Fears surrounding the number 13 are as ancient as the act of counting. Primitive man had only his 10 fingers and two feet to represent units, this explanation goes, so he could count no higher than 12. What lay beyond that — 13 — was an impenetrable mystery to our prehistoric forebears, hence an object of superstition. In numerology, the number twelve is considered the number of completeness, as reflected in 12 months of the year, 12 signs of the zodiac, 12 hours of the clock, 12 tribes of Israel, 12 Apostles of Jesus, 12 gods of Olympus, etc., whereas the number thirteen was considered irregular, transgressing this completeness.
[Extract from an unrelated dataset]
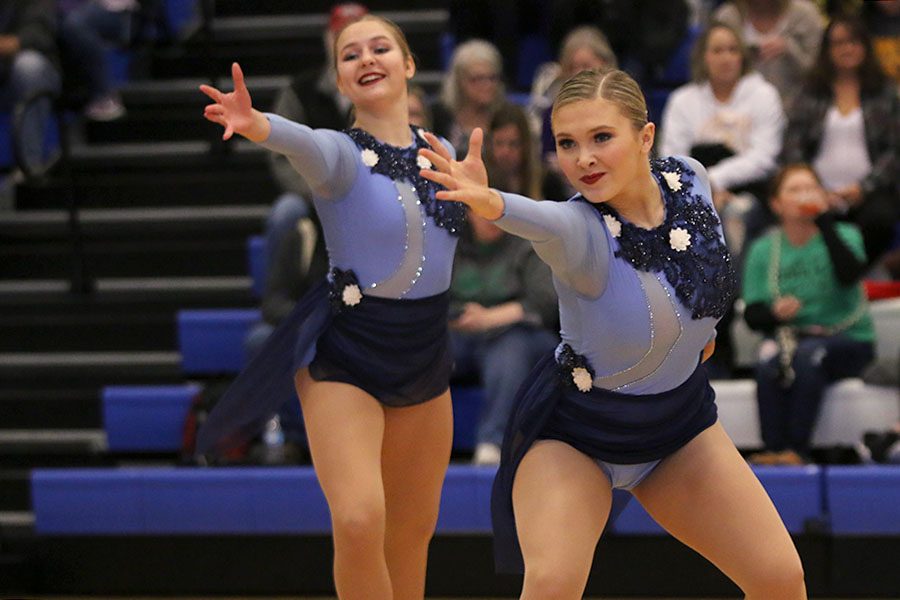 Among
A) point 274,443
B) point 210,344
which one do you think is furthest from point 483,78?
point 274,443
There is also a superstition, thought by some to derive from the Last Supper that having 13 people seated at a table will result in the death of one of the diners.

Friday's bad reputation goes all the way back to the Garden of Eden. It was on a Friday, supposedly, that Eve tempted Adam with the forbidden fruit, ejecting them from Paradise. Tradition also holds that the Great Flood began on a Friday; God tongue-tied the builders of the Tower of Babel on a Friday; the Temple of Solomon was destroyed on a Friday; and, of course, Friday was the day of the week on which Christ was crucified. It is therefore a day of penance for Christians.

But don't spend the day in the grips of paraskevidekatriaphobia (fear of Friday the 13th): If Wall Street is any indication, Friday the 13th may actually be a lucky day. The stock market, it turns out, tends to do better on Friday the 13th, rising by an average of .04 percent on each of the past 185 Friday the 13ths, according to the Bespoke Investment Group.